##### RECORDS #####

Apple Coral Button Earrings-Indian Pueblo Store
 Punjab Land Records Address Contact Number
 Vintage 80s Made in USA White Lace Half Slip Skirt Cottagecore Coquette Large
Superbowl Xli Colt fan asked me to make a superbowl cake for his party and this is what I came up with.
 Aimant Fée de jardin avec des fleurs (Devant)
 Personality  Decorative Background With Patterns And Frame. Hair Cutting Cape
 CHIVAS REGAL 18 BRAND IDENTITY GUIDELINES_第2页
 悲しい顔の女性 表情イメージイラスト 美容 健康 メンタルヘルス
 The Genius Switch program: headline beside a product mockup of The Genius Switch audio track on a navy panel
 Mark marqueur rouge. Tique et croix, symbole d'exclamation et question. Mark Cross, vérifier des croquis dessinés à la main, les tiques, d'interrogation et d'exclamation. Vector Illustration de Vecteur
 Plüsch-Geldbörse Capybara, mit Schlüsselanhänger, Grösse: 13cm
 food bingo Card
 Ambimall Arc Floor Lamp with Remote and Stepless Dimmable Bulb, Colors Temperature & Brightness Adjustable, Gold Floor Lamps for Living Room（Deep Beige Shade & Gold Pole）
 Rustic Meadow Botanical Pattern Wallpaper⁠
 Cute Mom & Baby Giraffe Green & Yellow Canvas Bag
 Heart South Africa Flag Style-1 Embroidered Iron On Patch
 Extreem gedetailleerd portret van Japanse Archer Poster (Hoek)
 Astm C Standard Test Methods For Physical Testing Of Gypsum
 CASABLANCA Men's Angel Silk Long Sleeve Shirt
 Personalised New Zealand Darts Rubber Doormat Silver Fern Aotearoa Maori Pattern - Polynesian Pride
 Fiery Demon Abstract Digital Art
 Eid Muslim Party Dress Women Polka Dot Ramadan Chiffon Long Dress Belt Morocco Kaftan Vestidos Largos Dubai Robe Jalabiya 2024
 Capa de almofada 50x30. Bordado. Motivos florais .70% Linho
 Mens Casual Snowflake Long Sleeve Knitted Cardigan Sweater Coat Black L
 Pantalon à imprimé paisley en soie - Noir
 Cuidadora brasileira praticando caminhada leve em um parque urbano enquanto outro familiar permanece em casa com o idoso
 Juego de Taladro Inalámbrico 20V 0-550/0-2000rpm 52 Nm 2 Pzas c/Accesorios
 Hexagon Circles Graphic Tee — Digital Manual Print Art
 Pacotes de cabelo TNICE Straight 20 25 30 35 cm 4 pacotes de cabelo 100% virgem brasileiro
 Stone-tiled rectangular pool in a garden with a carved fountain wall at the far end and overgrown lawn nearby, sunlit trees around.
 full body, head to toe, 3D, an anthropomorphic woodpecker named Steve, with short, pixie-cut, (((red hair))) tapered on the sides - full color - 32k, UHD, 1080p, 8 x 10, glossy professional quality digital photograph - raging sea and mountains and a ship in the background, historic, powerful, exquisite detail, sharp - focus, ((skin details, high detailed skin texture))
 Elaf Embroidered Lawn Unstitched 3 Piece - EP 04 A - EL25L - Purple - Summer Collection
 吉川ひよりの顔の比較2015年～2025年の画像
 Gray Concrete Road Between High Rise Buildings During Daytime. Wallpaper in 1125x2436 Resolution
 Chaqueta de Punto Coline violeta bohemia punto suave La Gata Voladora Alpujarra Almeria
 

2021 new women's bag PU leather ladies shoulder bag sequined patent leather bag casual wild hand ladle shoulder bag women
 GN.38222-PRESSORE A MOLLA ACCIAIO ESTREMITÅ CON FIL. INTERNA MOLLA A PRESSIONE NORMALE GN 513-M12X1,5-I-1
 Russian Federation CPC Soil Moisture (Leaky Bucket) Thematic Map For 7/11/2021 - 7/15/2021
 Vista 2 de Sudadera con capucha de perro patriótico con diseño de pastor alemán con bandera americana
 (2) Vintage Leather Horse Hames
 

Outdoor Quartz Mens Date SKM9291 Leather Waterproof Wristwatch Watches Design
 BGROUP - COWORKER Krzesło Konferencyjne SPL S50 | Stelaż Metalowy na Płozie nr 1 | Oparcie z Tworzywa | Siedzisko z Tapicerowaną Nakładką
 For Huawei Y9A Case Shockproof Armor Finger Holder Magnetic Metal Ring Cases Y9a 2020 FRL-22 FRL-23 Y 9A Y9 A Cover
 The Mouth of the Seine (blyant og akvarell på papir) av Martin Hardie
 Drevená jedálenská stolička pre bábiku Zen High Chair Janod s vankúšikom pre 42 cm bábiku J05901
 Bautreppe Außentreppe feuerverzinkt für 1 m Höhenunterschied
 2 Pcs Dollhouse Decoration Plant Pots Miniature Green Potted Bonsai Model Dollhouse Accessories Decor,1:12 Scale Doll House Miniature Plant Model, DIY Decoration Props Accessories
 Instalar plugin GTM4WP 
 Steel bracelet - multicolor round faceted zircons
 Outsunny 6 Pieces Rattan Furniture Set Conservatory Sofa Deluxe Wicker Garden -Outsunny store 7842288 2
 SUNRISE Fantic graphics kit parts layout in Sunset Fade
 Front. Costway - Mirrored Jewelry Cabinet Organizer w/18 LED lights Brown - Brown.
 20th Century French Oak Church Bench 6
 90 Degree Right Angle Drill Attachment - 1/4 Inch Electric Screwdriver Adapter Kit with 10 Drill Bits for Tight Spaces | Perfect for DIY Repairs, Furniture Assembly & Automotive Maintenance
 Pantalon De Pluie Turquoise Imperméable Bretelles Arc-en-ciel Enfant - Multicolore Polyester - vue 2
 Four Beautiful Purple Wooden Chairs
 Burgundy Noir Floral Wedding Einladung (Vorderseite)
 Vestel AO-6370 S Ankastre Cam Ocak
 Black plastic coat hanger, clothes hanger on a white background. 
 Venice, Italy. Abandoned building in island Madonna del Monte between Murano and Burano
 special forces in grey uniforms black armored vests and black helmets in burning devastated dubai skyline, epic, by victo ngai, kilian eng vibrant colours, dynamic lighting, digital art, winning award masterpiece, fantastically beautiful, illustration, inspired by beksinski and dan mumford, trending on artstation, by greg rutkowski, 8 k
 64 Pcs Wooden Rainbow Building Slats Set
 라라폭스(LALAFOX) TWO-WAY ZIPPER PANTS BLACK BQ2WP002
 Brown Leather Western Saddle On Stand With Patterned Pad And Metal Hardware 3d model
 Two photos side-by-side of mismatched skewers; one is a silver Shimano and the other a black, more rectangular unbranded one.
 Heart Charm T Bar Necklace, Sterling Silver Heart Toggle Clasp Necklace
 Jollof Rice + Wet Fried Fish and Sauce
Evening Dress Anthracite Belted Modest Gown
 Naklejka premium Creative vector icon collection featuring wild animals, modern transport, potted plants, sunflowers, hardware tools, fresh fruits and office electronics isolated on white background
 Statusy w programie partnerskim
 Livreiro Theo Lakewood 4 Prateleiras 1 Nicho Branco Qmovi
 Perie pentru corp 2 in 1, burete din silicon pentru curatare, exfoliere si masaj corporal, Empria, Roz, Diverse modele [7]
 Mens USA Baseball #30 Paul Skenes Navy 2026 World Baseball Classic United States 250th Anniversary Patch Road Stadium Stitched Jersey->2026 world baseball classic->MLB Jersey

#####

WHAT IS EXPECTED: In the entries above, find the line with "full body, head" and the line with "BGROUP - COWORKER", then set down exactly those two and every line between them, nothing else.

WRITTEN RESPONSE:
 full body, head to toe, 3D, an anthropomorphic woodpecker named Steve, with short, pixie-cut, (((red hair))) tapered on the sides - full color - 32k, UHD, 1080p, 8 x 10, glossy professional quality digital photograph - raging sea and mountains and a ship in the background, historic, powerful, exquisite detail, sharp - focus, ((skin details, high detailed skin texture))
 Elaf Embroidered Lawn Unstitched 3 Piece - EP 04 A - EL25L - Purple - Summer Collection
 吉川ひよりの顔の比較2015年～2025年の画像
 Gray Concrete Road Between High Rise Buildings During Daytime. Wallpaper in 1125x2436 Resolution
 Chaqueta de Punto Coline violeta bohemia punto suave La Gata Voladora Alpujarra Almeria
 

2021 new women's bag PU leather ladies shoulder bag sequined patent leather bag casual wild hand ladle shoulder bag women
 GN.38222-PRESSORE A MOLLA ACCIAIO ESTREMITÅ CON FIL. INTERNA MOLLA A PRESSIONE NORMALE GN 513-M12X1,5-I-1
 Russian Federation CPC Soil Moisture (Leaky Bucket) Thematic Map For 7/11/2021 - 7/15/2021
 Vista 2 de Sudadera con capucha de perro patriótico con diseño de pastor alemán con bandera americana
 (2) Vintage Leather Horse Hames
 

Outdoor Quartz Mens Date SKM9291 Leather Waterproof Wristwatch Watches Design
 BGROUP - COWORKER Krzesło Konferencyjne SPL S50 | Stelaż Metalowy na Płozie nr 1 | Oparcie z Tworzywa | Siedzisko z Tapicerowaną Nakładką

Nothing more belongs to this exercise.